Africa today presents a pitiable profile of conflicts. It has a record of 80
forceful change of government, which claimed the lives of about 24 heads of
state, and government.1 In
1996 alone, 14 African States were simultaneously engulfed in armed conflicts.2
The 1990s alone witnessed at least nine serious conflicts, many of them
transcending national boundaries.3
The consequences of these are further complication of Africa’s
economic crisis. First, African states commit a disproportionate percentage of
their national resources to the purchase of arms.4
Human resources are equally diverted to the battlefield, depriving productive
sectors of the economy this necessary ingredient for economic reproduction. The
crisis of refugees has also emerged as a major social and economic problem for
neighbours of African States in conflict. Finally the necessary environment for
development is denied, as local and foreign investors are scared away by the
uncertainties of the conflict-ridden states.
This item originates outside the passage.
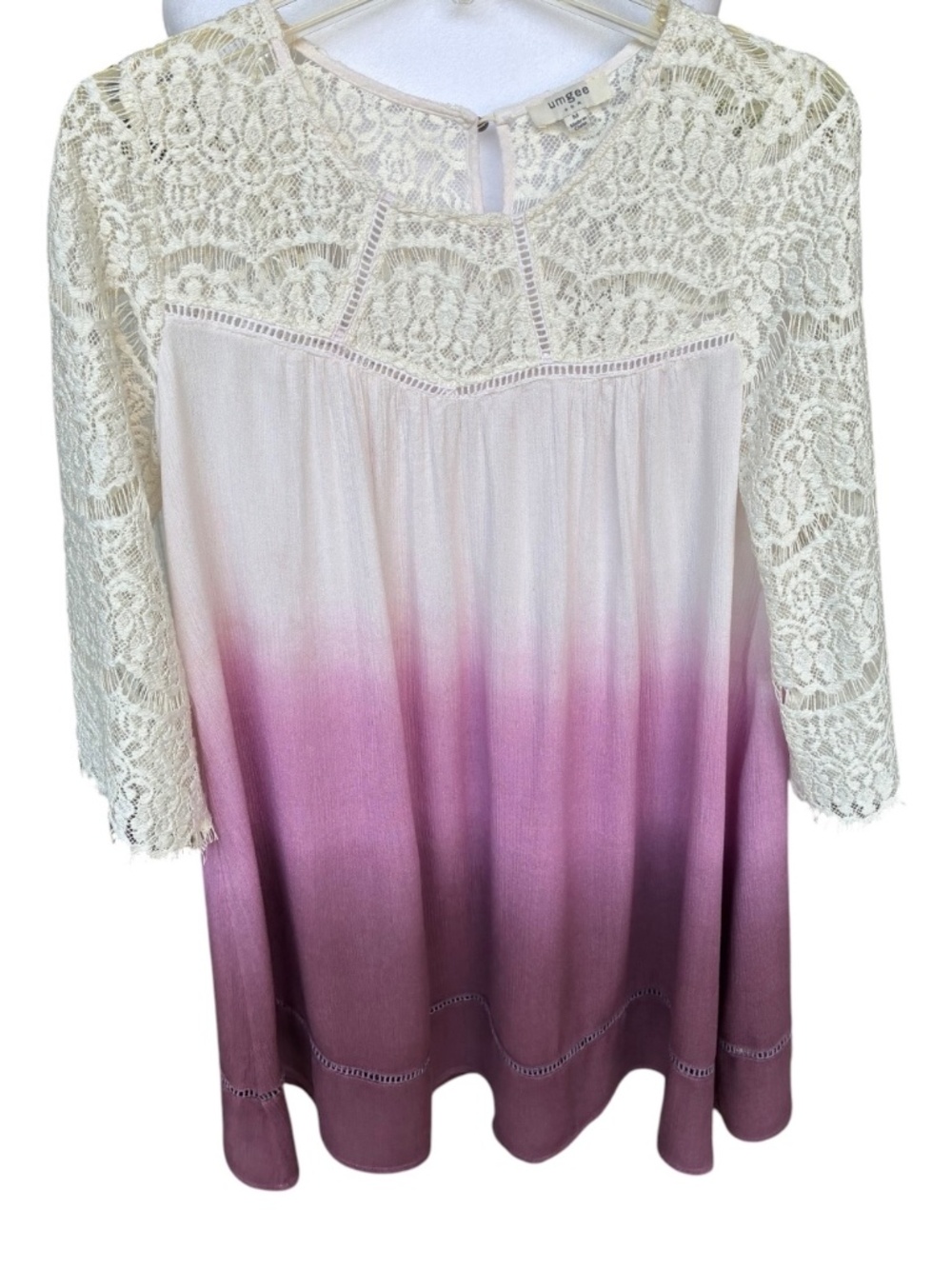 Umgee Purple and Cream Baby Doll Dress with Lace Neckline/Sleeves-Size M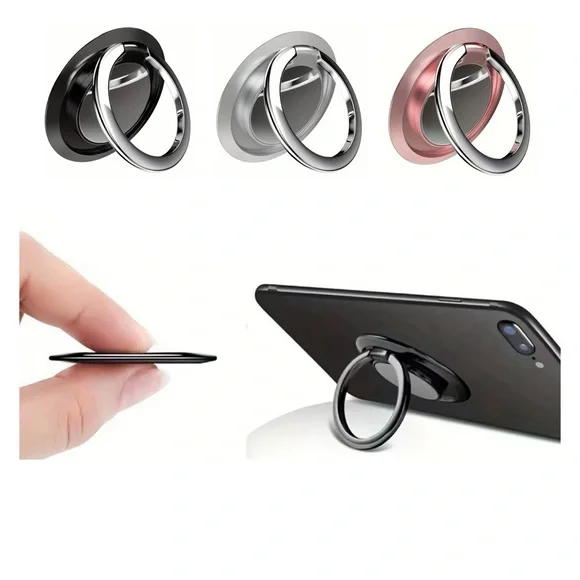 3-Pack Slim Round Metal Phone Ring Holder Grip Stand Rotating Kickstand Setw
The military is central to this profile of African States in two major respects.
Most African states had at one time or the other come under military rule with
its attendant maladministration and consequent legacy of economic
underdevelopment.6 Besides, the military had appropriated
disproportional national resources, a phenomenon that Bayo Adekanye aptly calls
the Military Extractive Ratio (MER).7
The military question therefore constitutes a major problematic for Africa’s
development. This paper addresses this question, with emphasis on two issues,
which are here posed as questions: How has the military fared in the sustenance
of peace and stability in Africa to guarantee the environment for development?
How has the African military performed as peacekeepers in African conflicts? The
paper concludes with suggestions for preparing the African military to
effectively discharge these duties to ensure the peaceful environment for
development.
(ii) The Military Imperative for Development
Niccollo Machiavelli aptly captures the role of the military in creating the
environment for development when he states that the foundation of all states are
good laws and good arms8
and that good arms are necessary because it is the only guarantee that the
citizens would obey the laws.9 African
post-colonial states inherited the military institution as part of the apparati
of the state bequeathed by the colonial powers. The management of the military
however soon constituted part of the political problems that confronted newly
independent African States. It took few years before the military made
incursions into the political arena and established itself in government. Both
under civilian control and as the new political elite, the military has failed
as a guarantor of stability for the states. Whatever the myriad of factors that
galvanized African states to armed conflicts, 10
the fact remains that the inability of the military of these respective
states to contain their crises is a factor for the multiplicity of armed
conflicts on the continent. A number of factors account for this inability of
the African military. One, their ethnic combination in the context of the
heterogeneous character of African states affected their perception by the
society and their own performance.11
The political leadership in many of the African states involved the
military as a political instrument in the political chess game thereby
compromising their integrity and created them as a possible source of recruiting
the political leadership.12 Many of the military institutions were themselves
afflicted by the social malaise of corruption, indiscipline, factionalism,
ethnicity etc and other vices that compromised their professionalism.13
The African military is also lacking in the manpower, training and
resources needed for a disciplined and mobile force.14 Because of these complex factors, the military has
repeatedly failed as a safety net for many African states at crisis points.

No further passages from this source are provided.